Shortly after arriving at the memorial, Garcia lost nearly all of his hospital staff and she mentioned this. She recounted how Bishop, the man who had asked for a ride, shot Deputy Sheriff David Garcia five times in an attempt to save Nueces County in 2001.
While under the hospital’s supervision following the singer’s shooting incident in 1995, she also reminisced about the sorrow felt by the hospital personnel upon the passing of Tejano sensation Selena Quintanilla Perez, a beloved figure in the community.
She stated, “There are numerous, numerous additional ones,” but those are merely a handful of anecdotes. I could converse with you about recollections, and we could remain here all day.
The hospital facility, named First Memorial Hospital, underwent several renovations and expansions to become a nine-story complex on Hospital Boulevard, serving veterans who died in honor.
Mackay Grant, a Utah-based company, has contracted Spohn Christus for demolition services.
Previous reporting from the Caller-Times states that opponents, acting as a referendum, failed to obtain the required signatures to place the matter on the ballot. The Nueces County Hospital District and the Nueces County Commissioners Court faced strong public opposition in 2014 when they made the decision to demolish Memorial.
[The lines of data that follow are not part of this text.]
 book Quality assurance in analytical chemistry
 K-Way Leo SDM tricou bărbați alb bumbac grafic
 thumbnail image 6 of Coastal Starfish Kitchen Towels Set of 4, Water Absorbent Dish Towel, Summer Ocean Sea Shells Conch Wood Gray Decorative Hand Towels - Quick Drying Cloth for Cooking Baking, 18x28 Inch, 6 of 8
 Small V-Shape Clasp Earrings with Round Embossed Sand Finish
According to Jonny Hipp, the CEO of the Nueces County Hospital District, the ultimate cost of replacing the hospital depended on the choice to demolish it. He mentioned that the two main buildings comprising Memorial have been in use for over 30 years and are considered to be no longer functional.
According to Hipp, taxpayers would have found it burdensome to support such a bond. In order to demolish the two buildings and construct a smaller, 150-bed hospital, the consideration of voters and a bond issue would have been necessary.
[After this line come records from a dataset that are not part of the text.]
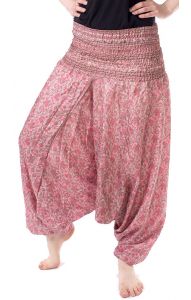 Turecké harémové kalhoty aladinky růžové kal1542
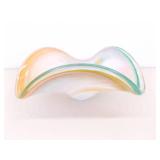 A Blown Murano Glass Bowl and Blown Artisan Bowl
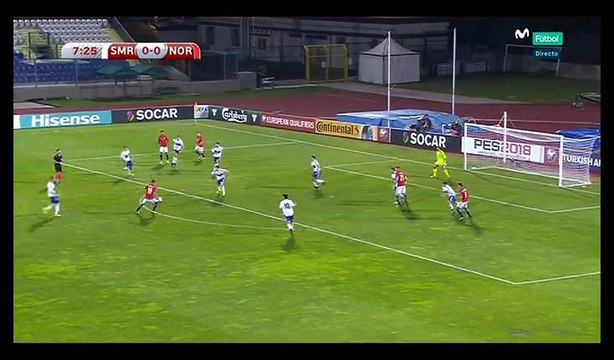(Own goal) Simoncini D. HD - San Marino 0-1 Norway - 05.10.2017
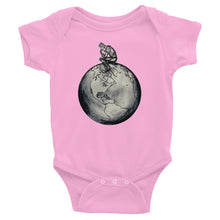 Load image into Gallery viewer, Twisted City Global Kids “man on top of the world” Infant Bodysuit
Dr. Osbert, the CEO and President of Spohn Christus, announced earlier this year that Shoreline Hospital would be relocated. The behavioral health unit, along with the last department in the facility, began remediation and demolition after being cleared. The demolition, which was originally scheduled for March 2020, was partly delayed due to the COVID-19 pandemic.
On September 13th, Blow, the patient who recently left the hospital, mentioned that his most memorable clinical experience took place at Memorial Hospital. He described Monday’s ceremony as being more bitter than sweet.
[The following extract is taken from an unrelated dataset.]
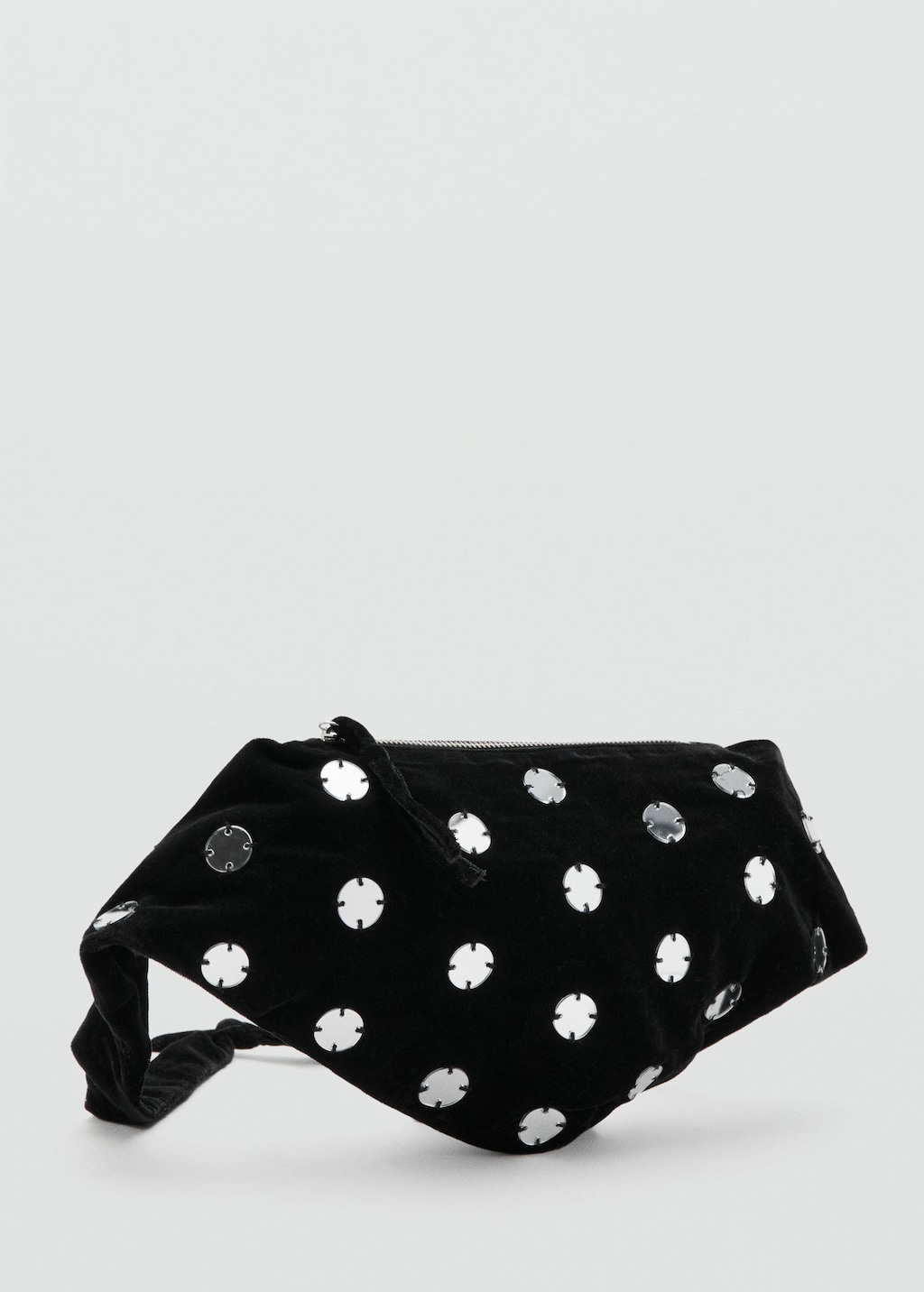 Mango Teen Sequined Bag Black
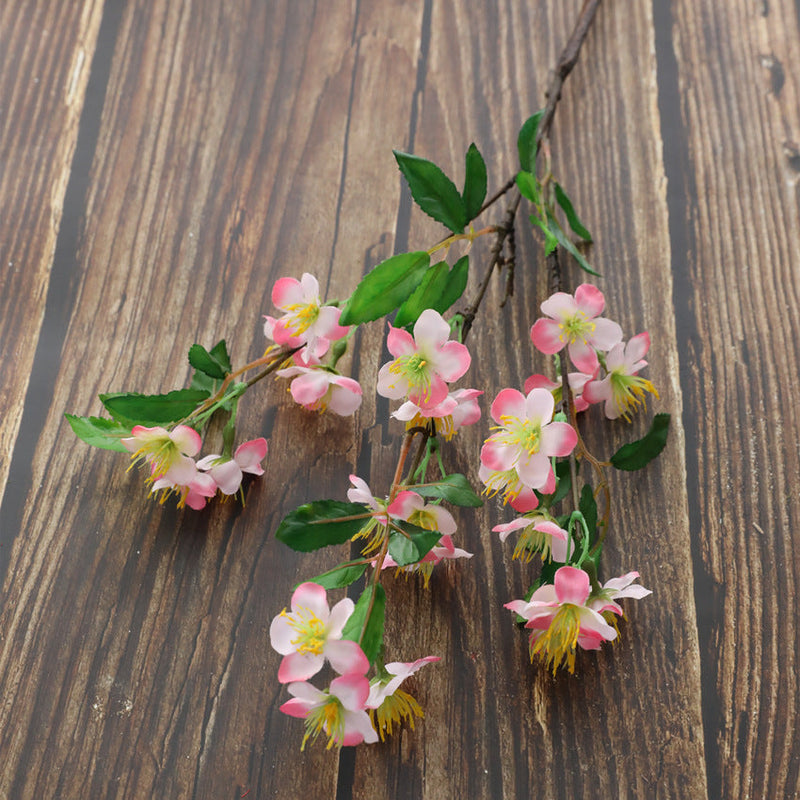 24 Inch Artificial Apple Blossom Spray Stems, 10 Pcs Silk Flower Stems for Floral Arrangements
Established in 2017 and, similar to Memorial, is located on Hospital Boulevard, the Dr. Hector P. Garcia Memorial Family Health Center was constructed by Christus Spohn to compensate for the closure of the hospital. Hipp mentioned that there is currently a study in progress regarding the enlargement of that establishment and that it is “overflowing,” despite being a relatively new facility.
Following the demolition, the hospital’s area will transform into “green space,” which refers to a designated section of grass or trees intended for recreational or aesthetic use, as outlined in the plans presented to Nueces County commissioners in August by Christus Spohn.
Hipp stated that, because of a covenant on the premises, the property must be associated with healthcare, although the specific development on the property is still unknown.
“The future is still uncertain, but I believe it will be incredible,” Blow stated.
Barbara Canales, the Nueces County Judge, spoke at an event alongside Joe A. Gonzalez, the Commissioner of the county, where she voiced support for expanding the family center named after her great uncle, which includes the possibility of an educational institution for medical professionals in the area, focusing on adolescent mental health and intellectual disabilities.
“This site remains unchanging. It will always be designated for healthcare,” Canales stated. “The greatest is yet to come.”